IRC channel logs

2021-12-03.log

back to list of logs

<oriansj>which riscv32 doesn't actually have nor wait4
<stikonas>well, yes, so it has to be implemented using waitid
<stikonas>and it's (minimal) implementation in kaem-minimal might also be wrong
<stikonas>somehow now riscv32 bootstrap fails for me with
<stikonas>./riscv32/bin/M1 --architecture riscv32 --little-endian -f ./M2libc/riscv32/riscv32_defs.M1 -f ./M2libc/riscv32/libc-full.M1 -f ./riscv32/artifact/hex2_linker-1.M1 -f ./riscv32/artifact/hex2_linker-1-footer.M1 -o ./riscv32/artifact/hex2_linker-1.hex2
<stikonas>but if I run it manually, process successfully completes and exits with 0
<stikonas>oh, something is actually wrong with ./bin/M1...

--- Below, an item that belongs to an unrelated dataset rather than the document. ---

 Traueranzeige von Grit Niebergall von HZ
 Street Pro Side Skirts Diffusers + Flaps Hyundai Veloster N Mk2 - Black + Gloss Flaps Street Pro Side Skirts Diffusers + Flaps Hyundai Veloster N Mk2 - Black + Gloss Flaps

<stikonas>so probably M2libc problem
<oriansj>no I think it might be a waitid problem in the kaem-optional-seed
<oriansj>because if manual running works fine, it isn't the binaries but the bit running the binaries
<stikonas>well, manual exits fine with exit code 0 but does not output any file
<stikonas>and without -o its output is empty
<stikonas>so perhaps two problems
<stikonas> https://github.com/stikonas/M2libc/commit/08be85b83bc7f261b0ddd7b8a2fea54641d746be
<stikonas>(this is what I'm testing)
<stikonas>this should fail once full kaem is build (due to missing waitpid) but fails earlier
<stikonas>oh, it's actually riscv32/bin/M1 is empty
<stikonas>so the error is earlier
<stikonas>but at least it makes more sense...

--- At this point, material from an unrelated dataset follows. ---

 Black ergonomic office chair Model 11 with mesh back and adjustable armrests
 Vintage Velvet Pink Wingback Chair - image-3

<stikonas>empty file is just executed in bash
<stikonas>ok, that's because lseek is not there on riscv32...
<stikonas>how come we didn't see any breakage in hex2_riscv32.hex1
<stikonas>that one uses lseek
<oriansj>but it doesn't use M2libc either
<stikonas>oriansj: no, it probably works by accident...
<stikonas>I'm still investigating
<stikonas>but it looks like I have to use llseek
<stikonas>and maybe lseek(0) just happened to work with wrong call
<oriansj>quite possibly
<oriansj>I probably should get a proper RISC-V 32bit syscall table
<stikonas>yes, llseek helped...
<stikonas>I've now managed to build up to kaem
<stikonas>which fails due to missing waitpid implementation...

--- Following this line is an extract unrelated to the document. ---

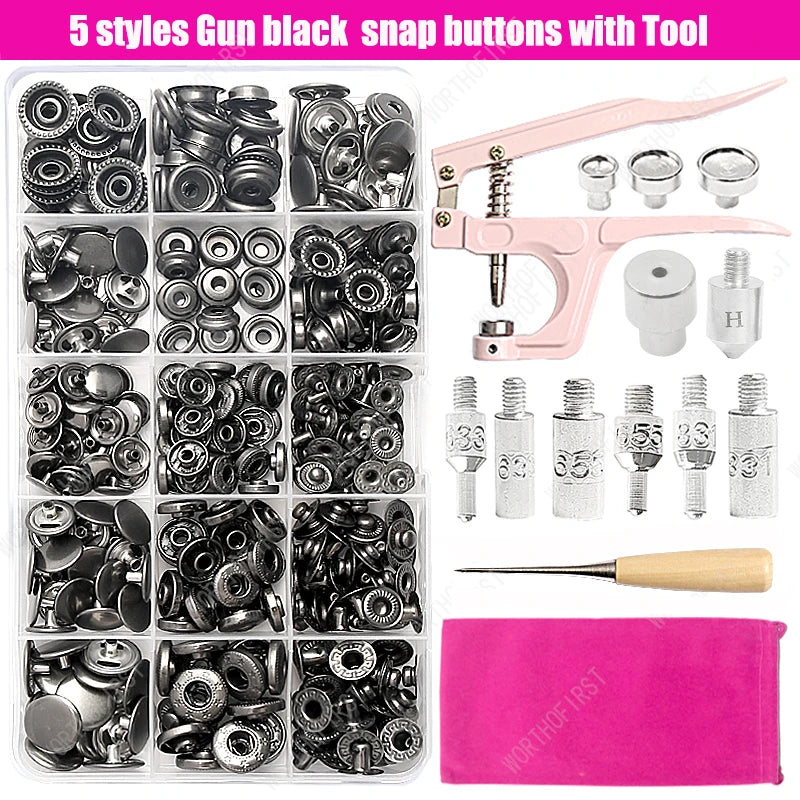 Metal Snap Fastener Button Kit with Installation Pliers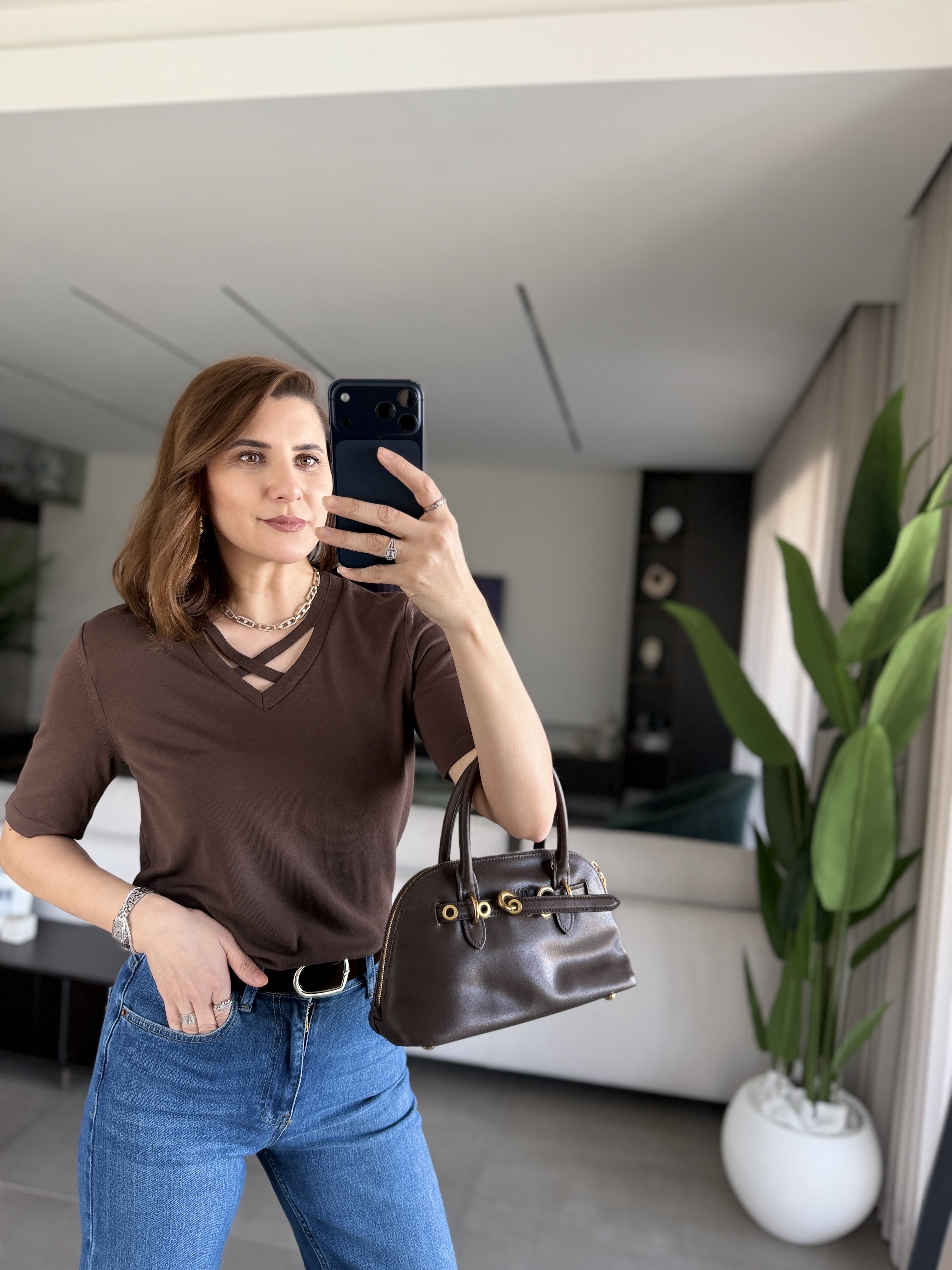 Acı Kahve V Yaka Çapraz Detaylı Triko Bluz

<stikonas>but hex1 and hex2 work only by accident...
<stikonas>we are setting whence to 0 which sets required register for offset to be 0
<stikonas>so lseek(0) worked...
<oriansj>so a functional hack; guess we need to add some comments to explain what actually is happening
<stikonas>fixed wip commit https://github.com/stikonas/M2libc/commit/c51b5b1e07480482f4c8a7a208709c7db56fb858
<stikonas>oriansj: or maybe set the registers to what we need and reencode
<stikonas>I'm not sure if on baremetal we'll have them at 0
<stikonas>s/baremetal/real hw
<stikonas>anyway, bed time
<oriansj>you are right, risc-v does not zero the registers on exec
<muurkha>what does it put in them?
<muurkha>hopefully not just whatever the previous program left there, that's a potentially major security hole
<stikonas[m]>Prob whatever kernel left
<stikonas[m]>Not previous program
<oriansj>muurkha: kernel space register values
<oriansj>which is actually a major security hole
<oriansj>but one that has already been reported by us
<oriansj>if they don't address it, we will probably have to get a CVE for it
<stikonas[m]>Well, maybe most of them are unimportant temp stuff while preparing for process launch
<muurkha>a problem is that changing that unimportant temp stuff will break userland programs
<muurkha>well. can.
<muurkha>and the compiler might do that without asking you when you recompile the kernel
<muurkha>so even if it's unimportant now, it may not be unimportant next week
<stikonas[m]>Well, compiler should initialize variables...
<muurkha>probably
<muurkha>but ld.so might not be written with a compiler
<muurkha>similarly crt0
<oriansj>muurkha: what breakage could occur for a well written program in a high level language?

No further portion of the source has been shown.